Parents need to notice when kids are overwhelmed, provide emotional support, and assess what’s wrong. With kids who have executive function deficits, parents can also help by being like a good administrative assistant - lining up supports and providing practical help to make things more manageable. Academic and executive function coaching should be outsourced, and not be parents’ primary domain.

4. Poor timing of conversations.

Engaging teens when either of you is angry, though tempting, is ineffective since the prefrontal cortex, which processes information, is offline during high stress. Further, angry struggles not only increase resistance but normalize out of control reactions. Communication is more successful preemptively and, when respect is conveyed for a teen’s autonomy by explicitly asking for their collaboration.

“I know we often get into a struggle about homework and computer time around now. When would be a good time over the weekend to put our heads together and figure out a plan that works better?”

Here the mom thinks ahead, strikes when the iron is cold, and uses as leverage respect and a more peaceful relationship between them - something important to teens. Teens need space after a rough experience, as we all do, and when they come home from school. The best time to talk is during quiet, neutral times such as: before bed, at dinner, during activities together, and in the car (but not to and from school).

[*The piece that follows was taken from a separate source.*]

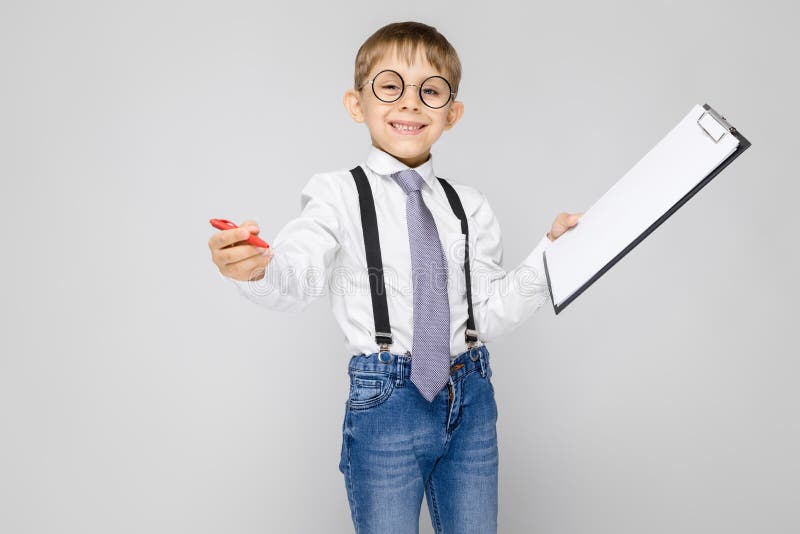 A charming boy in a white shirt, suspenders, a tie and light jeans stands on a gray background. The boy holds a pen and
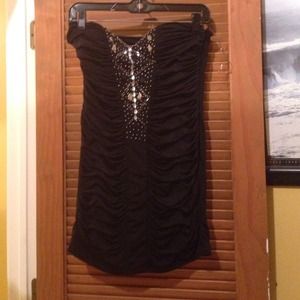 Large black shirt can be worn as a small dress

5. Talking too much/lecturing rather than listening and being curious and asking non-judgmental questions.

The most important resource parents have with teens is the relationship, which functions behind the scenes to hold, contain, and help steer but not control them. In conversations, teens should take up more of the interaction and parents’ messages should be brief and calm.

All kids want to do well, but teens struggle with competing needs. Look for evidence in general of the part of teens that share your values, and reflect this back to them as Casey’s dad did. When parents quickly come down on a side, it hijacks teens’ internal struggle and makes the part of them that agrees with you go underground. Then, rather than “owning” their conflict and sorting it out, teens’ internal struggle becomes disguised as a battle between you and them.

Anxiety and emotional blind spots can make us inflexible and oblivious to what’s really happening with our teens. But we can learn to recognize the signs of being entrenched in an unhelpful mindset such as: intense feelings, preoccupation with grades, rigidity, rumination, urgency, reactivity, and repetitive, unproductive cycles. Positive, empowering parenting involves learning to step outside ourselves and shift our perspective, paying attention to our kids’ emotional state.

The reward is knowing that teens who feel accepted, respected, and listened to by parents fare better and are the most protected from harm. Further, when parents offer guidance (and limits) while supporting teens’ autonomy, teens learn initiative, independence, and the ability to solve problems on their own.

Disclaimer: The characters from these vignettes are fictitious. They were derived from a composite of people and events for the purpose of representing real-life situations and psychological dilemmas which occur in families.